CAPITOLO 2 (1947-1951)
Estratto dal libro di Paolo Popeschich
“Beniamino Massimo, Un pittore romano”
Tornato in Italia, dopo un iniziale
soggiorno a Roviano, avvia la sua carriera di fotografo di scena negli studi di
Cinecittà, aprendo un piccolo studio a Roma, in via del Pellegrino, nei pressi
di Campo dè Fiori, che utilizzerà anche come abitazione fino alla sua
scomparsa.
(…)
Il suo lavoro viene particolarmente
apprezzato nelle produzioni di pellicole storiche in costume del genere
“peplum”, che rappresentano il suo principale impiego negli anni cinquanta e
sessanta, periodo durante il quale matura l’idea di dedicarsi alla pittura,
come si evince dalla sua corrispondenza con alcuni ex allievi di Hofmann,
missive che continueranno fino al 1959.
Da questa corrispondenza emerge
l’urgenza di affiancare la quotidiana rappresentazione realistica, che gli
veniva consentita dalla fotografia, con l’ambizione astratta per una pittura
assolutamente piatta, nel rispetto del tratto distintivo della tela e dei dogmi
di Hofmann, secondo il quale il compito del pittore era quello di disporre i
propri pigmenti colorati con una pittura inerte, rifiutando il descrittivismo e ogni pretesa simbolista o
psicologica, aspirando quindi alla pura astrazione, in particolare una
astrazione geometrica dove il colore è rappresentato in quanto tale. Al tempo
stesso rivendica il suo essere artista dietro la macchina fotografica,
impegnato quotidianamente nel ritrarre figure di attori che recitano in costume
storie basate sulla mitologia greco-romana, quindi dentro una realtà “altra”

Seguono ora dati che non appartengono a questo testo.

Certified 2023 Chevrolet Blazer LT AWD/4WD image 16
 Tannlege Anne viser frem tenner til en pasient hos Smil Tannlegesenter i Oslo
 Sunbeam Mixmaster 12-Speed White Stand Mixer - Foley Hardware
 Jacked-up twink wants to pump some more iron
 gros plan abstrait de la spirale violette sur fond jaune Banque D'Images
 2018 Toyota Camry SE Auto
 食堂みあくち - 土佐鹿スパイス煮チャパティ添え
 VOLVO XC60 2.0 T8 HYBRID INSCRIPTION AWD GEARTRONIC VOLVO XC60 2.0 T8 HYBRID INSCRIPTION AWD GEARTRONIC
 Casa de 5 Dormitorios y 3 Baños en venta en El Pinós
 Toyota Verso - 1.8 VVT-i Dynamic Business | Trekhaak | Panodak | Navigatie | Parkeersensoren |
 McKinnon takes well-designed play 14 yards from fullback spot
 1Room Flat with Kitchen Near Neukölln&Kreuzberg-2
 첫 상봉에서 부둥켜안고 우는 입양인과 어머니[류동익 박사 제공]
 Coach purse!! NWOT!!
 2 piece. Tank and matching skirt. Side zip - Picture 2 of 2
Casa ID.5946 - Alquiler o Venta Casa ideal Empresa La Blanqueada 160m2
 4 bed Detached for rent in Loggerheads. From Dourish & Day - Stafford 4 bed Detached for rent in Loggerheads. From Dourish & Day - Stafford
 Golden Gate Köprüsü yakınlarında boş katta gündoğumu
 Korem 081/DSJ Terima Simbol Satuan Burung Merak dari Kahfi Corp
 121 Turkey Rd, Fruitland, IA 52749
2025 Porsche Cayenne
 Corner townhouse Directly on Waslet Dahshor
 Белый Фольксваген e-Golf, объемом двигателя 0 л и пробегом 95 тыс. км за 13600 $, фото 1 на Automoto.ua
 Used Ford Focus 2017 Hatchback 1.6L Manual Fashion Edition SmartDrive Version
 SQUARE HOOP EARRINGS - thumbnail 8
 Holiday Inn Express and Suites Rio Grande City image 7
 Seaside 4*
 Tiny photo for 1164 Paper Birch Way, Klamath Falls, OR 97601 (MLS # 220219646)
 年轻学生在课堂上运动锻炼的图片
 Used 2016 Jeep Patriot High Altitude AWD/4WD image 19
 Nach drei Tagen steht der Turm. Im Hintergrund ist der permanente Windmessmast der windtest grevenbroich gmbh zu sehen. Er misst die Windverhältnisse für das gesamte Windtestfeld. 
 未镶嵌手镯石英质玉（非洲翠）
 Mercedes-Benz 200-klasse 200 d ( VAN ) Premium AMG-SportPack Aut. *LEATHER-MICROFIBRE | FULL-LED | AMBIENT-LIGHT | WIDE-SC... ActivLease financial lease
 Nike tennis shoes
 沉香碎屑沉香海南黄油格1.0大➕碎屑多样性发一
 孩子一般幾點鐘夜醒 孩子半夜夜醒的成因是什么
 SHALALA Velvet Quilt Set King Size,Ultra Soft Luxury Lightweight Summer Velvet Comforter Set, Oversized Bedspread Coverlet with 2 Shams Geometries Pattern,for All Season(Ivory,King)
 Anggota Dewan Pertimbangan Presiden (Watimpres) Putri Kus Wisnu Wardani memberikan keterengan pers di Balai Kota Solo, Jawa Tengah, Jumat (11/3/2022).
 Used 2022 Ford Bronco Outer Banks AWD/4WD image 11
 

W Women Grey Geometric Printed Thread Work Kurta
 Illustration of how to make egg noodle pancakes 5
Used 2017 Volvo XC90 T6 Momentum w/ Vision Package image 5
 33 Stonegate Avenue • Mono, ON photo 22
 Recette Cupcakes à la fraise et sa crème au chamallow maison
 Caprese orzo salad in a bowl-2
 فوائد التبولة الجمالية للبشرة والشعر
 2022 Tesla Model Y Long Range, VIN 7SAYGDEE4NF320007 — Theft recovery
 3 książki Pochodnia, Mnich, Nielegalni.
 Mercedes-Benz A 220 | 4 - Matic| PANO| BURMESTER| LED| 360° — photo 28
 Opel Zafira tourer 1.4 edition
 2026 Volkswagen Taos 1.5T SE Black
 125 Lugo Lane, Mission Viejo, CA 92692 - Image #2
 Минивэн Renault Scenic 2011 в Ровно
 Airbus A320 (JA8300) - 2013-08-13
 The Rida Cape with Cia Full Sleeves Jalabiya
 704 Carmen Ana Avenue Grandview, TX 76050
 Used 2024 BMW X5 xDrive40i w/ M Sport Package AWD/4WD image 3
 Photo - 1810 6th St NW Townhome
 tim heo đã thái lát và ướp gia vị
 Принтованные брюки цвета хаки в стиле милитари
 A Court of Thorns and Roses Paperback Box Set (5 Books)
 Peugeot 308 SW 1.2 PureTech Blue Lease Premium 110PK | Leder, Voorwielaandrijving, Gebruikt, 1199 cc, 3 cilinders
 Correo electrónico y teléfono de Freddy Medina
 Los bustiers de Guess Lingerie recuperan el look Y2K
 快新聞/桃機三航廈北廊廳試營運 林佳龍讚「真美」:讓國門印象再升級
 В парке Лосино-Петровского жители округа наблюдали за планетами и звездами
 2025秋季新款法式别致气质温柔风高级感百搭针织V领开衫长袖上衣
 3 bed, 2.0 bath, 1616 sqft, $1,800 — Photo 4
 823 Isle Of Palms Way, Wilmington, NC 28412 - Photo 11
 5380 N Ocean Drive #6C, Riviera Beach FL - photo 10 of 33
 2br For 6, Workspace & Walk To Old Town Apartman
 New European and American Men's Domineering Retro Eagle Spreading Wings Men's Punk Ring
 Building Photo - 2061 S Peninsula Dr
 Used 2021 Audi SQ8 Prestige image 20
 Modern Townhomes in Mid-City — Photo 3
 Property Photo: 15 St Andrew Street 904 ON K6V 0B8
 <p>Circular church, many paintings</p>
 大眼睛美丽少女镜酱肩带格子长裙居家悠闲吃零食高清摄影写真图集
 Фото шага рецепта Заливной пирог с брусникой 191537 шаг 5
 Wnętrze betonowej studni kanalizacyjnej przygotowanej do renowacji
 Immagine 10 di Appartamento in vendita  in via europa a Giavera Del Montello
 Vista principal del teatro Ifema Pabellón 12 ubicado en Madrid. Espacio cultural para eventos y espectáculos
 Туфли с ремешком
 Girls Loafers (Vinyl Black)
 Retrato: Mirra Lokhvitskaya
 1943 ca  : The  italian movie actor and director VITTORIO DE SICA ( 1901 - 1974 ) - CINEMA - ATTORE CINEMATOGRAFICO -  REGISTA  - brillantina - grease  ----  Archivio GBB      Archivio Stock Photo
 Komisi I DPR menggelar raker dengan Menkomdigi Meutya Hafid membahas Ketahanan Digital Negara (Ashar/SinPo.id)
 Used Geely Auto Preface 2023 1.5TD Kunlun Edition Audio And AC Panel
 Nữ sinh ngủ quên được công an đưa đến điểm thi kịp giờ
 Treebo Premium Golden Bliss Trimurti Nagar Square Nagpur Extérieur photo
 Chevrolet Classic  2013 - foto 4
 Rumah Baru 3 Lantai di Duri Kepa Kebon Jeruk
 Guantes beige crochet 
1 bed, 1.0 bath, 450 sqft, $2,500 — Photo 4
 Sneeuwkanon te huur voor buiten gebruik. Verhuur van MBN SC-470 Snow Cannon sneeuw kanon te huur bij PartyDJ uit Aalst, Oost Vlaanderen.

rispetto a quella del quotidiano dopoguerra, per di più sviluppando sempre in
bianco e nero, prendendo le distanze dagli autori della “copia del reale”. La
sua fotografia vuole intenzionalmente lasciare spazio all’immaginazione, sia
per la capacità evocativa del soggetto mitico, sia per le forme che emergono
nelle sue composizioni, nelle quali le ombre hanno la stessa importanza delle
figure in primo piano, creando delle texture che vengono poi riportate su tela,
dando vita a dei veri caleidoscopi, dove
convivono strutture quadrate e curvilinee, in un insieme di ampie campiture
cromatiche.
Il clima ricco di iniziative
culturali e civili del dopoguerra gli
consente di iniziare con slancio la propria ricerca, entrando in contatto con
gli ambienti dell’avanguardia astratta romana, grazie al mondo del cinema e
alle comuni frequentazioni dell’Osteria Fratelli Menghi, luogo di incontro per
pittori, attori e scrittori. In questo contesto nel 1949 conosce alcuni
coetanei già componenti del Gruppo Forma 1: Ugo Attardi, Pietro Consagra, Piero Dorazio, Achille Perilli,
Carla Accardi, Antonio Sanfilippo e soprattutto Mino Guerrini
con il quale, oltre al nomignolo di battesimo, condivide la passione per il
cinema.
Spinto anche dall’impegno politico,
si mette al servizio come fotografo del gruppo “formalista e marxista”, per poi
proporsi come autore di dipinti incentrati sulla forma e sul segno nel loro
significato basico essenziale. Nonostante l’assidua frequentazione e
l’occasionale partecipazione in esposizioni collettive estemporanee che si
tenevano negli studi dei diversi artisti, la sua presenza come artista viene
appena tollerata dalla maggioranza dei firmatari del manifesto formalista, che
non nascondono una diffidenza di base per la mancanza di una solida
preparazione accademica, a cui si aggiungevano la professione di fotografo,
tendente quindi alla divulgazione popolare di un immaginario figurativo tipico
del cinema di genere, ma anche e soprattutto i sui trascorsi bellici e di
prigionia che mettevano in dubbio la lealtà ai presupposti ideologici del gruppo.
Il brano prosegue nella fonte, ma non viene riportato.